La frialdad europea de Brown coincidió con el ascenso en el bando conservador del UKIP, un partido cuyo programa giraba por completo en torno a la salida del Reino Unido de la UE. Tras las ampliaciones de 2004 y 2007, con el ingreso en la UE de 10 países de Europa central y del este, el UKIP se nutrió de la xenofobia generada por la llegada a la isla de miles de trabajadores polacos, checos o rumanos. El número de trabajadores europeos en el Reino Unido casi se dobló en tres años, pasando de 750.000 en el primer trimestre de 2004 a más de 1,2 millones a finales de 2007. En junio de 2016, cuando se celebró el referéndum del Brexit, ya eran más de 2,3 millones.

El UKIP se convirtió en el partido más votado en las elecciones al Parlamento Europeo de 2014, para pavor del primer ministro conservador, David Cameron, quien decidió contraatacar con un órdago histórico: un referéndum sobre la permanencia o la salida de la UE. Cameron, que pasará a la historia por sus continuos errores de cálculo, confiaba en ganar la partida mediante un acuerdo con Bruselas que le autorizara a limitar los derechos de los inmigrantes comunitarios durante cuatro años y suprimir las ayudas familiares a quienes dejaran a sus hijos en el país de origen.

Pero el Brexit se impuso con el 51,9% de los votos en una consulta con una participación del 72,2%. Los partidarios de abandonar la UE ganaron en nueve de las 12 regiones. Solo Londres, Escocia e Irlanda del Norte apoyaron la continuidad en el club comunitario, pero en los tres casos con una participación bastante por debajo de la media.

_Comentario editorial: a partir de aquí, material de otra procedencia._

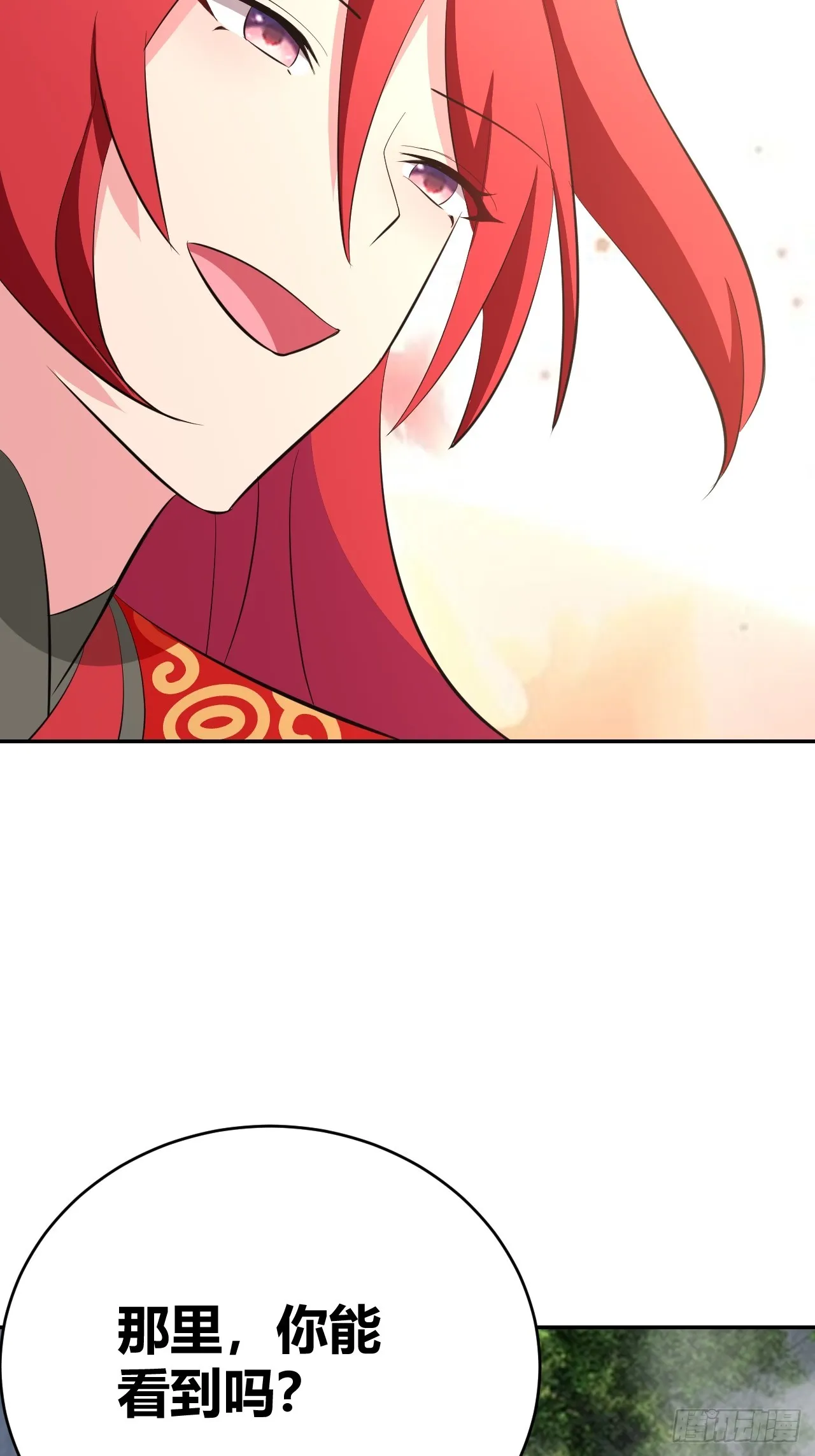 30 第24页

El resultado del referéndum se ejecutó el 31 de enero de este año 2020, con Cameron y su sucesora, Theresa May, en el baúl de la historia, y Boris Johnson en Downing Street. El histriónico líder conservador ha logrado en tiempo récord cerrar el acuerdo de salida de la UE, arrasar en unas elecciones generales y sellar el acuerdo comercial más ambicioso firmado nunca por Bruselas, que entrará en vigor este viernes. Las 1.246 páginas del texto preservarán buena parte de la relación comercial entre la UE y el Reino Unido, que estará libre de aranceles y de cuotas de importación. El documento configura, además, una estructura institucional que permitirá a la UE mantener con Londres una relación más estrecha que con ninguna otra capital en el mundo. El documento es fruto de un imperativo geográfico e histórico. La UE y el Reino Unido no están obligados a llevarse bien, pero no tienen más remedio que entenderse. Los británicos, como han resaltado conservadores y laboristas en el momento del adiós, seguirán siendo europeos. Y después de 47 años de desencuentros (1973-2019), tal vez el Brexit marque la cuenta atrás para un nuevo reencuentro.